* [ASSIGNMENT] Here the job is to transcribe only the lines from the one containing "2/2 Catalina Way, Upper Coomera QLD 4209" through the last line below, exactly as written; please leave out pictures.

* [GIVEN DATA]
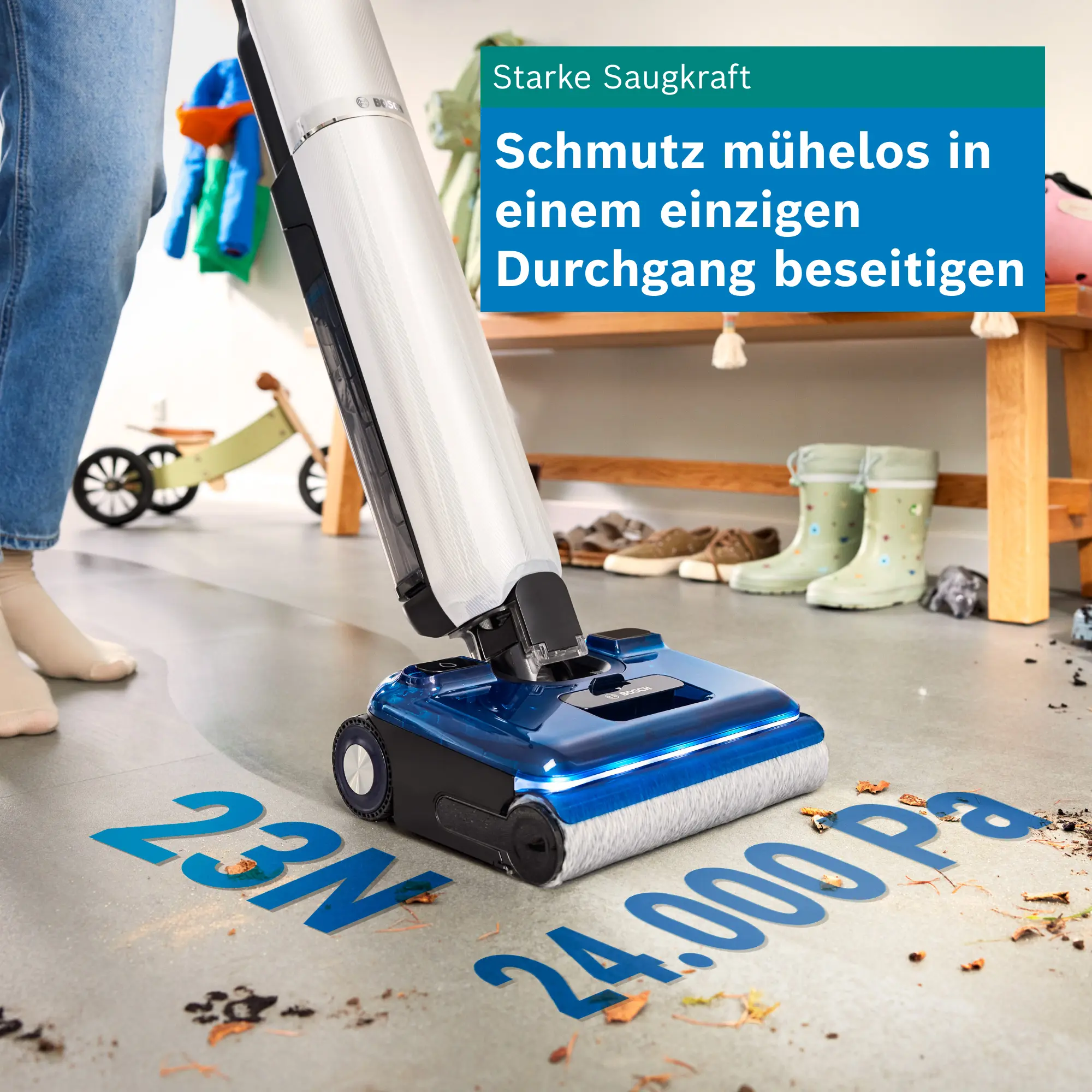Foto Nr. 4 des Produkts BHF41WS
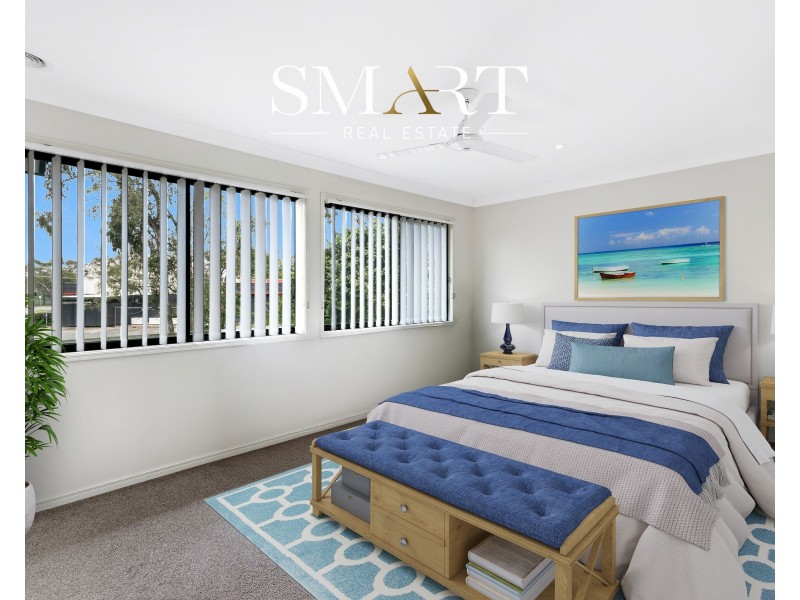 2/2 Catalina Way, Upper Coomera QLD 4209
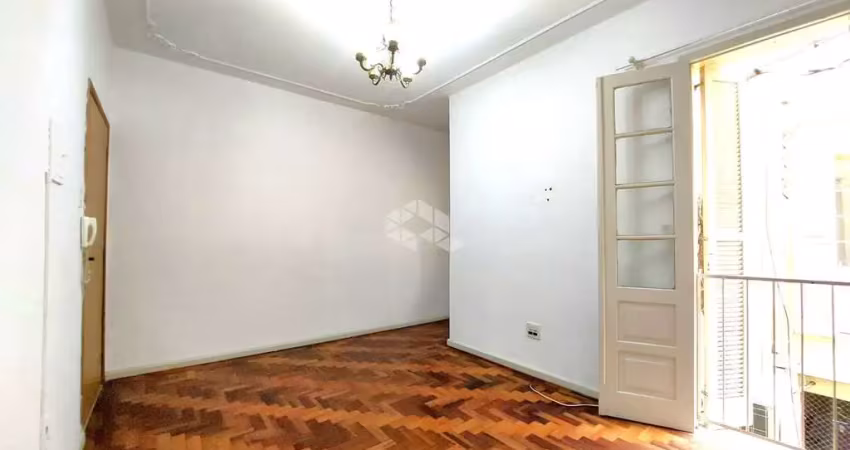 Apartamento 01 dormitório no bairro farroupilha em porto alegre.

* [RESPONSE TO THIS EXERCISE]
 2/2 Catalina Way, Upper Coomera QLD 4209
 Apartamento 01 dormitório no bairro farroupilha em porto alegre.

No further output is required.